5 – Non esiste una stagionalità dei pesci. In realtà esiste una stagionalità anche per i pesci, se si rispettano i tempi di riproduzione (e quindi il fermo pesca) e se si sceglie di acquistare specie provenienti dai mari a noi più vicini: le zone di cattura Fao dell’Atlantico nord-orientale (Area 27) e del Mediterraneo – Mar Nero (Area 37 )

6 – Le sogliole sono tutte uguali anche se hanno prezzi diversi. E che dire di stoccafisso e baccalà? E dei polpi? A volte la variazione può essere anche di diversi euro, una forbice spesso eccessiva, non giustificata dal taglio del filetto o dalle dimensioni dell’esemplare. E quindi cosa c’è sotto? Purtroppo il fenomeno è sempre più diffuso a causa dell’eccessivo sfruttamento dei pesci più pregiati, e si chiama sostituzione di specie.

7 – Vongole e cozze sono inquinate. Sono invece le specie allevate da privilegiaRe per gusto, facilità di preparazione e proprietà nutrizionali; perché scegliendole non andiamo a stressare sempre i soliti cinque pesci pescati che consumiamo e perché la mitilicoltura è la forma di allevamento più sostenibile. Largo quindi a cozze, vongole e ostriche, che si nutrono dei microrganismi presenti nell’acqua, filtrandola, e non necessitano quindi di mangimi.

8 Mangiare più pesce fa bene alla salute. Nutrizionisti e dietologi, ma anche presentatori e chef-star, consigliano di consumare più pesce per il contenuto di omega-3 e per le sue carni pregiate. Ma sappiamo tutti che gli stock della maggior parte dei pesci che consumiamo abitualmente sono ormai al collasso. Forse allora dovremmo ripensare i nostri consumi di pesce per rendere la dieta mediterranea più sostenibile. Come?
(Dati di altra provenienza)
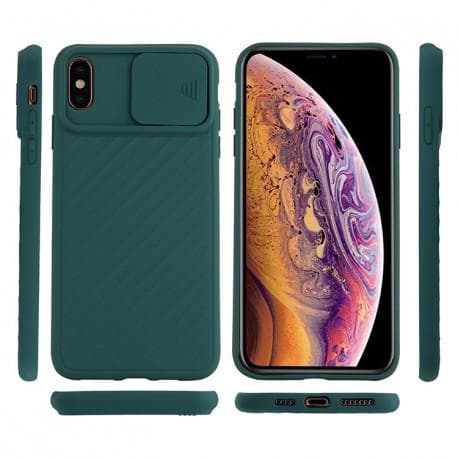 iPhone XS Max Stöttåligt Skal Inbyggd Kamerskydd CamShield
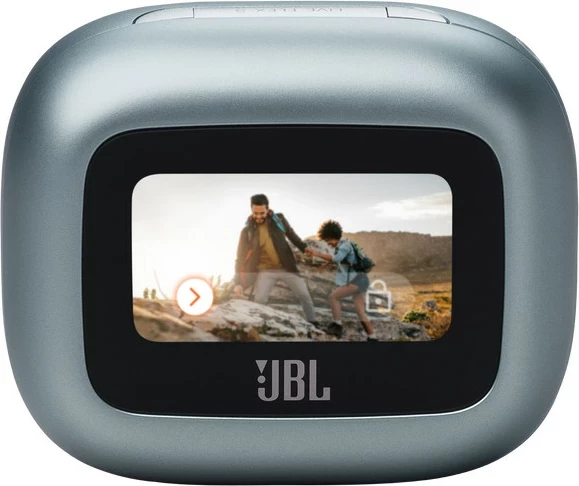 Kufje JBL Live Flex 3, wireless ANC, 50h bateri, Smart Charging Case me ekran, blu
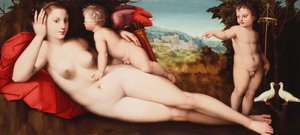 Venus with Sacred and Profane Love by Andrea di Alessandro Bresciano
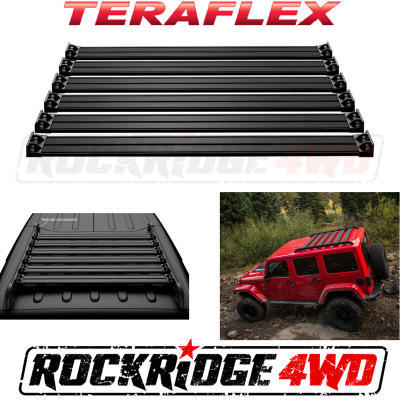 TeraFlex - TERAFLEX JK Nebo Roof Rack Cargo Slat Kit - Black - 4722060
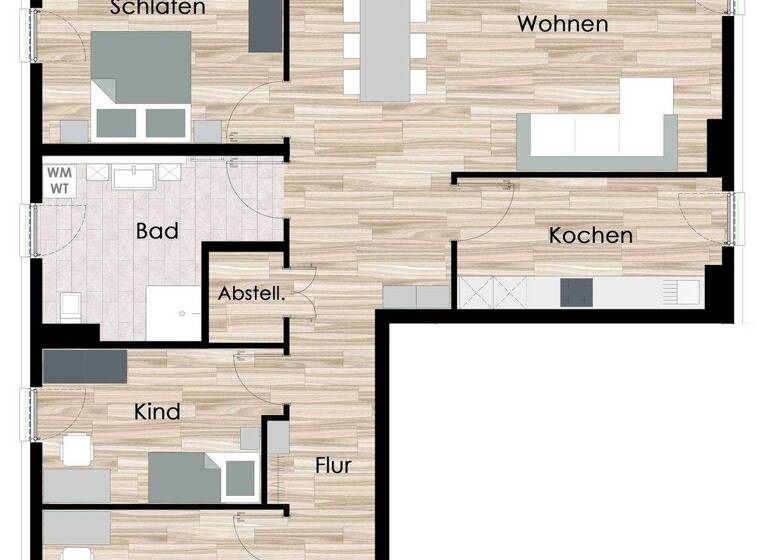 Wohnung zum Kauf provisionsfrei als Kapitalanlage geeignet 458.350 € 4 Zimmer 119,6 m² Stedigsrain Eschwege 37269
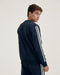 Equus Lodano Sweatshirt, Men's Round Neck, Striped, Navy 2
Valorizzando le fonti alternative di omega-3 (come i semi ad esempio), i pesci stagionali e a ciclo vitale breve, poco conosciuti e meno costosi, per i quali il prezzo non corrisponde di certo al valore nutrizionale. E poi ci sono i “non pesci”, le alternative che il mare ci offre per esaltare il piacere e mantenerci in salute, senza intaccare gli ecosistemi acquatici: meduse e alghe, molluschi e crostacei. Perché no?